Mesoscale simulation of billion atom complex systems using thousands of GPGPU’s, an industry success story

Dr. Jony Castagna, Science and Technology Facilities Council, United Kingdom

Abstract

Jony Castagna recounts his transition from industry scientist to research software developer at the STFC, his E-CAM rewrite of DL_MESO allowing the simulation of billion atom systems on thousands of GPGPUs, and his latest role as Nvidia ambassador focused on machine learning.

Jony, can you tell us how you came to work on the E-CAM project and what you were doing before?

My background is in Computational Fluid Dynamic (CFD), and I worked for many years in London as a computational scientist for an Oil & Gas industry. I joined STFC – Hartree Centre in 2016 and E-CAM was my first project. E-CAM offered an opportunity to work in a new and more academic and fundamental research environment.

What is your role in E-CAM?

My role is as research software developer, which consists mainly in supporting the E-CAM Postdoctoral Researchers in developing their software modules, benchmarking available codes and contribute to the deliverables of the several work-packages.

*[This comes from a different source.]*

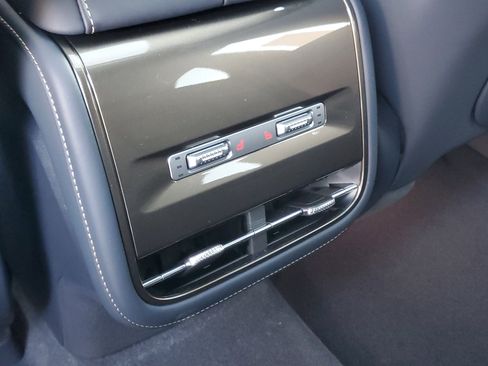 New 2026 Lincoln Nautilus Black Label image 30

This includes the work described here, in co-designing DL_MESO to run on GPUs.

What is DL_MESO and why was it important to port it to massively parallel computing platforms?

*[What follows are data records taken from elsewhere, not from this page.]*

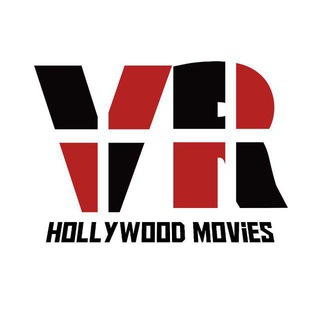 Logo saluran telegram vr_hollys — VR Hollywood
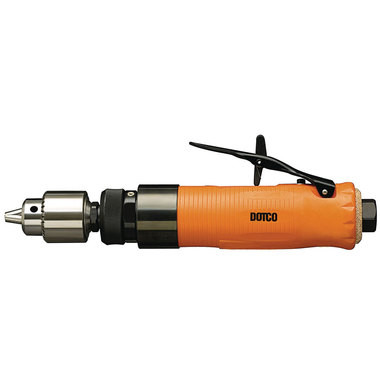 Image of the Dotco Inline Drill |15LF087-40 | 0.4 HP | 3/8" - 24 e Drill Diameter Capacity, part number 15LF087-40.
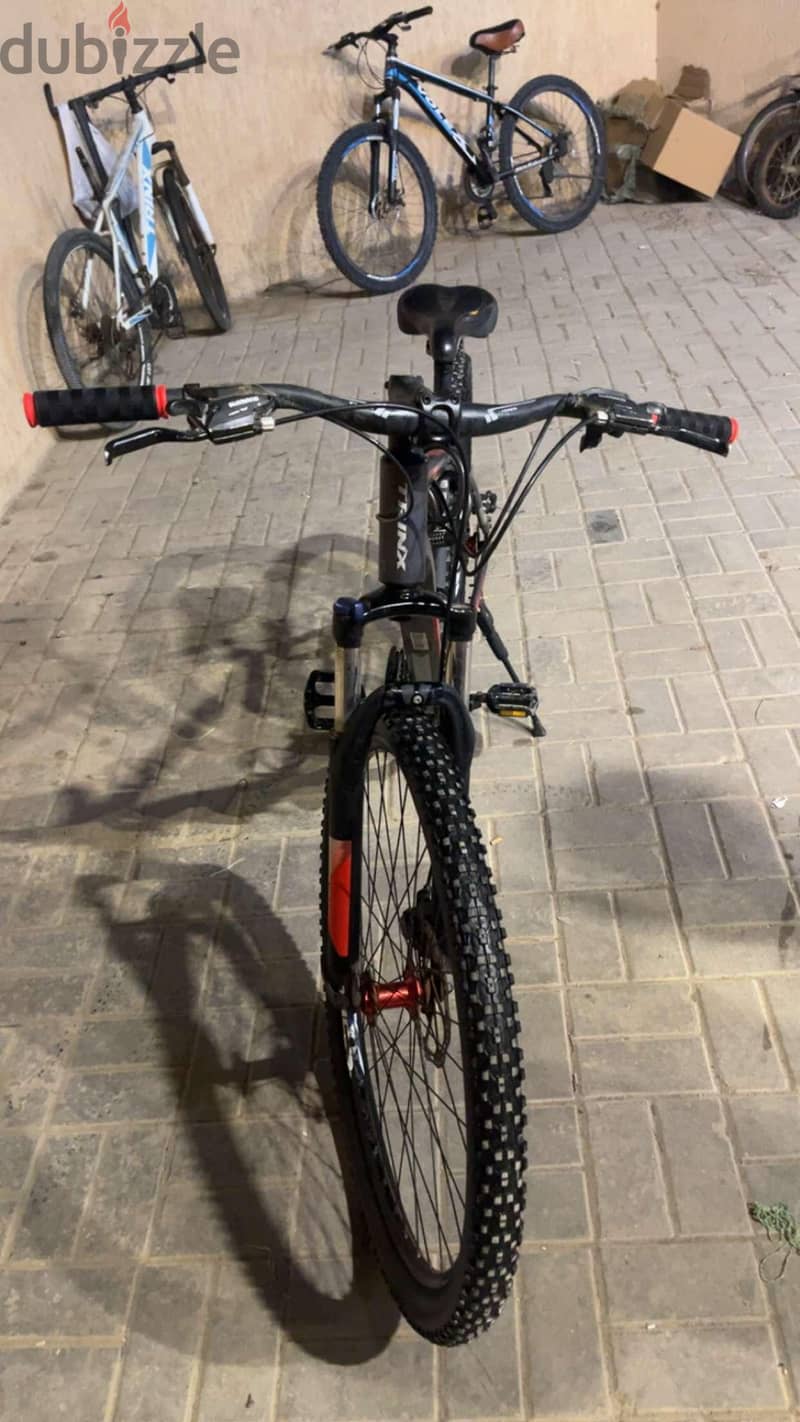 trinix bicycle 136 1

DL_MESO is a software package for mesoscale simulations developed by M. Seaton at the Hartree Centre [1, 2]. It is basically made of two software components: a Lattice Boltzmann method solver, which uses the Lattice Boltzmann equation discretize on a lattice (2D or 3D) to simulate the fluid dynamic effects of complex multiphase systems; and a Dissipative Particle Dynamics (DPD) solver based on particle method where a soft potential, together with a coupled dissipation and stochastic forces, allows the use of Molecular Dynamics but with a larger time step.

The need to port DL_MESO to massively parallel computing platforms arose because often real systems are made of millions of beads (each bead representing a group of molecules) and small clusters are usually not sufficient to obtain results in brief time. Moreover, with the advent of hybrid architectures, updating the code is becoming an important software engineering step to allow scientist to continue their work on such systems.

How well were you able to improve the scaling performance of DL_MESO with multiple GPGPU’s, and as a consequence, how large a system can you now treat?

The current multi-GPU version of DL_MESO scales with an 85% efficiency up to 2048 GPUs equivalent to about 10 petaflops of performance double precision (see Fig. 1 reproduced from E-CAM Deliverable 7.6[3]). This allows the simulation of very large systems like a phase mixture with 1.8 billion particles (Fig. 2). The performance has been obtained using the PRACE resource Piz Daint supercomputer from CSCS.

Figure 1. Strong scaling efficiency of DL_MESO versus the number of GPGPU for a simulation of a complex mixed phase system consisting of 1.8 billion atoms.

Figure 2. Snapshot of the simulated system.

What are the sorts of practical problems that motivated these developments, and what is the interest from industry (in particular IBM and Unilever) ?

DPD has the intrinsic capability to conserve hydrodynamic behavior, which means it reproduces fluid dynamic effects when a large number of beads is used. The use of massively parallel computing allows the simulation of complex phenomena like shear banding in surfactants and ternary systems present in many personal care, nutrition, and hygiene products. DL_MESO has been used intensively by IBM Research UK and Unilever and there is a long history of collaboration with Hartree Centre still going on.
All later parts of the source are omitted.